Today's tiny painting of a menorah. Click to enlarge.
I'd taken a recreational dose of pseudoephedrine in hopes it would give me the energy and focus to redo the way I encrypt a secret that my ESP8266 Remote firmware passes in plaintext to the backend, which the backend then uses to confirm that the data being sent is legitimate. But I never got around to it. Instead I ended up mostly lying on the beanbag watching YouTube videos in the laboratory. Gretchen was gone for most the afternoon and evening, and I took advantage of that to walk the dogs in a loop west of the Farm Road. (Unfortunately, with this particular pair of dogs, they will not walk with me if Gretchen is around.)
I rarely see the shouty mess that the World Wide Web has become in the past twenty years because I, like anyone with any sense, use an ad blocker. The one I use is an extension called uBlock Origin, and it works great, even stripping ads out of YouTube (something it's doubtful I would watch without it). But Google, an increasingly malevolent actor in the world, has decided that uBlock Origin has to go. Recently they changed their "policy," forcing all extensions to adhere to a framework called Extension Manifest V3. This manifest doesn't allow uBlock Origin to do what it needs to do, so it ends up disabled. After a reboot today (Central Hudson had caused a brief power outage while installing utility poles down the hill on Dug Hill Road), Chrome on Woodchuck (my main workstation) said that uBlock Origin (and a number of other Chrome extensions) had been disabled due to their not following best practices or some such bullshit.
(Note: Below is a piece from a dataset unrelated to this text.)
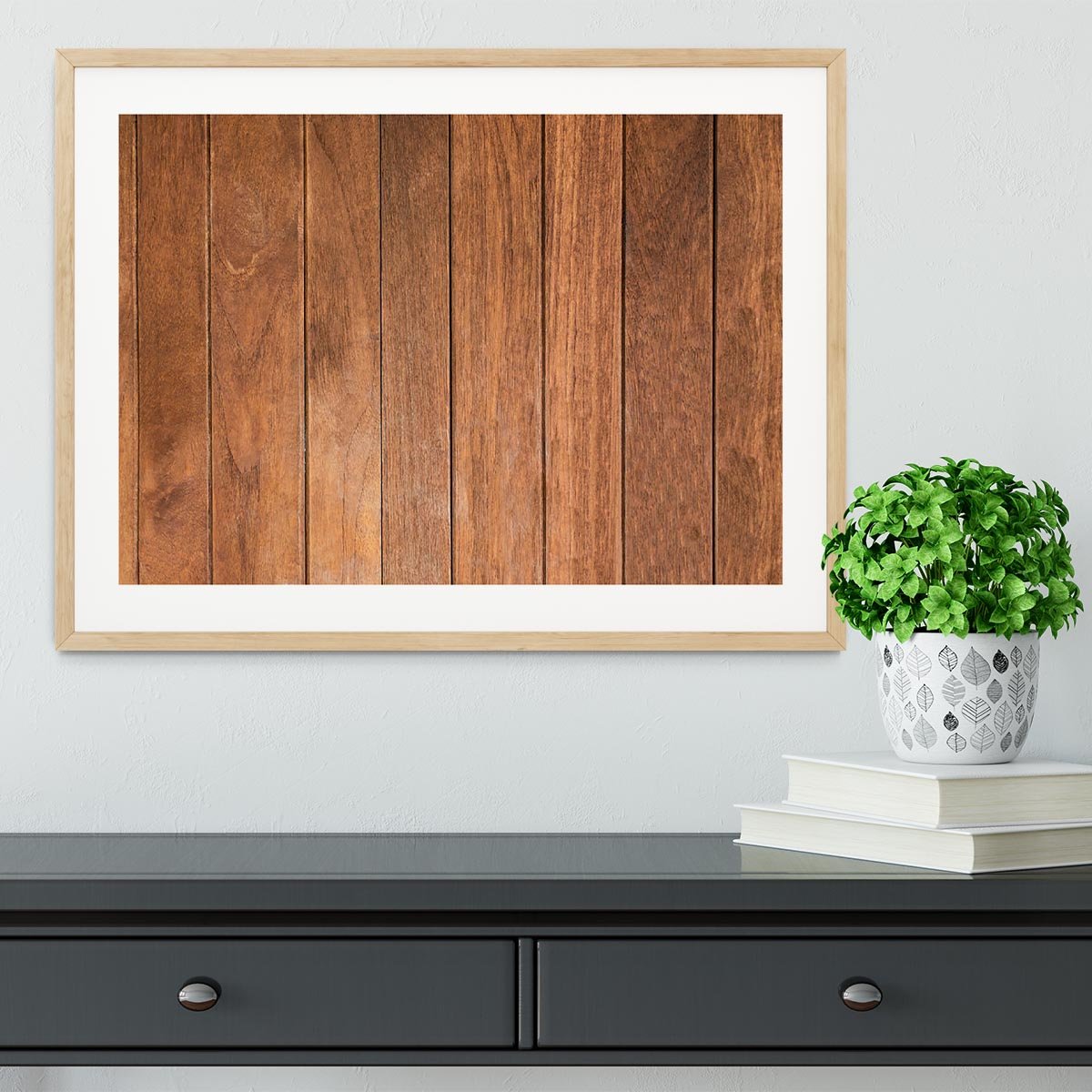 Wood arraged vertical pattern Framed Print - Canvas Art Rocks - 3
So I tried an extension called uBlock Origin Lite, but I only lived with it for an hour or two before I found the intrusive ads it was letting through unaccepable. In particular, I was now seeing an incredibly annoying ad at the beginning of every YouTube video selling, get this, a different ad blocker. So I did some searching (in DuckDuckGo) and found a registry hack that allows Chrome to use the older ManifestV2 until at least June. After that, I might have to switch to using Firefox, a browser I haven't used as a daily driver in 15 years. But a web experience cluttered with scammy advertisements is not something I will tolerate.